Необходимо всё время иметь в виду, что силы, которые всё это творят, не желают в мире никаких перемен, кроме, разумеется, тех, которые они сами же и производят. Впрочем, ничего особенного они не делают — просто присваивают себе где-то процентов восемьдесят всего, что производится на Земле. Ничего другого. Это именно паразитическая верхушка, не имеющая никаких особых планов относительно мира и цивилизации, интересующаяся в основном собой и своим положением, и больше всего на свете не желающая его терять. Ничего другого, интересного или загадочного, там нет.
Каковы же были дальнейшие действия этих сил в Европе Нового Времени? Когда стало ясно, что общее торможение прогресса уже не проходит, они просто перешли к тактике его избирательного торможения. Это означает прежде всего создание хаоса в науке, технологии и в обществе в целом, поощрение процессов, разрушающих единство научного знания и т. д. При этом — одновременно — производились действия по установлению контроля над прогрессом. Поскольку основной инструмент контроля для них — деньги, прогресс должен быть дорогим, и чем дальше — тем дороже обходиться людям. Наука должна быть затратной. Техника должна быть затратной. Всё должно доставаться дорого, очень дорого. Цель понятна: наука должна стать доступной для минимального числа людей и государств. Стягивание «всей науки» в несколько центров есть на самом деле смерть познания, поскольку тем самым, установив административно-финансовый контроль над этими центрами, можно направлять развитие исследований куда угодно, или даже просто остановить познание на достаточно длительный срок, если в этом возникнет надобность.

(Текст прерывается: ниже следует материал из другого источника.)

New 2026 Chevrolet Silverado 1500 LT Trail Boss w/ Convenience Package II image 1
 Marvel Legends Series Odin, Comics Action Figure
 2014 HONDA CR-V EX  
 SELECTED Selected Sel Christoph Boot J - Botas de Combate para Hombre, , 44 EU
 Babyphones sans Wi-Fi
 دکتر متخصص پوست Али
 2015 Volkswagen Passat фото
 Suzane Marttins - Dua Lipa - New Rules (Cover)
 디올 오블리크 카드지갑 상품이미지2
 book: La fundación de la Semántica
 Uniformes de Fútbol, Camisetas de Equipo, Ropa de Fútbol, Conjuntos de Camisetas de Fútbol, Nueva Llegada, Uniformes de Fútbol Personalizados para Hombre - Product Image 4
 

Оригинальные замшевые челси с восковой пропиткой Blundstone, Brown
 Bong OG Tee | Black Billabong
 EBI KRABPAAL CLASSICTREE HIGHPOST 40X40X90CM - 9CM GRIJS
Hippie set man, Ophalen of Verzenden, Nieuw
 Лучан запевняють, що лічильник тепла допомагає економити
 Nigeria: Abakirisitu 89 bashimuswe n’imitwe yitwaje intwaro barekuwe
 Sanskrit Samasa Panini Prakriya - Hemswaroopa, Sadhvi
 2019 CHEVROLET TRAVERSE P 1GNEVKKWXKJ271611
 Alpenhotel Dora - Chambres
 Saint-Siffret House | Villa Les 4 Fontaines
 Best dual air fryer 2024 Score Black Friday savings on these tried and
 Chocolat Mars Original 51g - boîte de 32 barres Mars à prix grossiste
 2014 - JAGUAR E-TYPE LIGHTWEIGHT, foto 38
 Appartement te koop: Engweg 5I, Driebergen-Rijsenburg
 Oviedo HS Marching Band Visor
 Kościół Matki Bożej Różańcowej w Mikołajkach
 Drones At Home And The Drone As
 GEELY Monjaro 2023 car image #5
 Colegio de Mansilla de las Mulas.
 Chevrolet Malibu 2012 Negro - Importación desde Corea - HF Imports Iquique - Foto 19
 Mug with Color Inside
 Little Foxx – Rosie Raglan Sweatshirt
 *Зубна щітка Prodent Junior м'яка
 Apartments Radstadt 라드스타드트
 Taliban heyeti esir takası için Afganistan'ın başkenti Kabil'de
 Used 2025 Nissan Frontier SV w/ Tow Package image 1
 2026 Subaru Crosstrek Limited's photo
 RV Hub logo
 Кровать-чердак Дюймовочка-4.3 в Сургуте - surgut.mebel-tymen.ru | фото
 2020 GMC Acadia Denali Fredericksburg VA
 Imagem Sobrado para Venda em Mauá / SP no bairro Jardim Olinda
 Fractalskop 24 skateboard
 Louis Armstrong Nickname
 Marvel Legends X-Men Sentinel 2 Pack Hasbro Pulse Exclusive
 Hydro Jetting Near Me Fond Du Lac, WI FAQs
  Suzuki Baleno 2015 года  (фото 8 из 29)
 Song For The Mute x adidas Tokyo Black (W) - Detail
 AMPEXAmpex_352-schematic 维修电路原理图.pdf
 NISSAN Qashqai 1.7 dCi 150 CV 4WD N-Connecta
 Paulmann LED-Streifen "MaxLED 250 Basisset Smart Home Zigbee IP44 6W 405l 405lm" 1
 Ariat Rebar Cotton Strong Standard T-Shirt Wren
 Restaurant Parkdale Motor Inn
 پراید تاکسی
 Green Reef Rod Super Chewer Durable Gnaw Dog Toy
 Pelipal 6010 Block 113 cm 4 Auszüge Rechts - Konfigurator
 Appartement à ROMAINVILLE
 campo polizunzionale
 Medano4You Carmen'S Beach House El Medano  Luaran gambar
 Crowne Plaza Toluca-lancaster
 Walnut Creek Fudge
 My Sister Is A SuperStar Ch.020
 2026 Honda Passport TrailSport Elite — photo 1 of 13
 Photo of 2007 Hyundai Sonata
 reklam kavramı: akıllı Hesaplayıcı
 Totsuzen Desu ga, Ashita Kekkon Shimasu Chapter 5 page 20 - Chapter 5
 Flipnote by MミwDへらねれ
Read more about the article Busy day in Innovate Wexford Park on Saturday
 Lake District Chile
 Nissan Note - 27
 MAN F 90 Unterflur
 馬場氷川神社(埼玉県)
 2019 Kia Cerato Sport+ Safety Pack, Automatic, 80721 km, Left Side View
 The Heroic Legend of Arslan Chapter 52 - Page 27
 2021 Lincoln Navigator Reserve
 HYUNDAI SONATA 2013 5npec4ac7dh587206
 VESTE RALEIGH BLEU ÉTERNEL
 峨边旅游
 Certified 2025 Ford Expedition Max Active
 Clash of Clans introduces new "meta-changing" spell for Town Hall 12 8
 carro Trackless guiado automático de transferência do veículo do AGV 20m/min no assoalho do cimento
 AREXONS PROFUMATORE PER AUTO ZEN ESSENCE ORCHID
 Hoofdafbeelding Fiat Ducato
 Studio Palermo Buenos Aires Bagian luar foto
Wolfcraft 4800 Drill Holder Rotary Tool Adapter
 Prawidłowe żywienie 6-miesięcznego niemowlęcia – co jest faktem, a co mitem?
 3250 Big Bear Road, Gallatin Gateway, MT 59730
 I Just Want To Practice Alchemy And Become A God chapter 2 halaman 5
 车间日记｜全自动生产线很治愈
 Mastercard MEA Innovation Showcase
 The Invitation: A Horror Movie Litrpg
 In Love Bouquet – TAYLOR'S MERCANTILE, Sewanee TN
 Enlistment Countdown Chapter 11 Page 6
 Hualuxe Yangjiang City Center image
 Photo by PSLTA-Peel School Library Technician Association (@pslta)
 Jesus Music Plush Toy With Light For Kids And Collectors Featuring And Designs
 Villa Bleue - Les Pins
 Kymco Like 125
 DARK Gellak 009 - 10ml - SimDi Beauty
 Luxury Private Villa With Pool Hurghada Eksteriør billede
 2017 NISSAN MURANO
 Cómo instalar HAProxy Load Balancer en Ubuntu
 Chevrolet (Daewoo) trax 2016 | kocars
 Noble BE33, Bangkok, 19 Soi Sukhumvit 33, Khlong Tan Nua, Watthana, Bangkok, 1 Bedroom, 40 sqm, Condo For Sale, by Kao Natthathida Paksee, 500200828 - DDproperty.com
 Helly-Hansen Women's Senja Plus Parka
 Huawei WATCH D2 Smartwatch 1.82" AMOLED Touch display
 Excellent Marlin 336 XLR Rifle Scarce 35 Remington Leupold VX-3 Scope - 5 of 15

А ведь ощущение того, что мир остановился, и было настоящей причиной появления теорий типа фукуямовской. В какой-то момент выяснилось, что все технологические мечтания человечества откладываются «на потом». Где термоядерный синтез, обещавший решение проклятой «энергетической проблемы»? Нету, и не предвидится. Где электромобили, бесшумные, бездымные, не портящие экологию городов? Будут когда-нибудь… потом. Где колонии на Марсе и Луне, и караваны ракет, несущих вперёд от звезды до звезды? Даже в планах не значится. Вместо этого нам обещают, как её, «виртуальную реальность». То есть нарисованные в компьютере картинки всего того, чего у нас нет. На которые мы сможем пялиться, сколько влезет. Нет слов, компьютер вещь хорошая, но предлагать его в качестве заменителя реальности — это всё-таки хамство, вы не находите?
Теперь, кажется, понятно, почему разрушение международного центра по торговле миром вызывало столь противоречивые чувства. В нашем мире, озабоченном и встревоженном, появилась… надежда. На то, что мир всё-таки не остановился. Это как раз тот случай, когда «лучше гiрше, да иньше». Глядишь, и что-нибудь сдвинется с места. Всё равно что. А дальше она, в смысле история, «сама пойдёт». Non stop.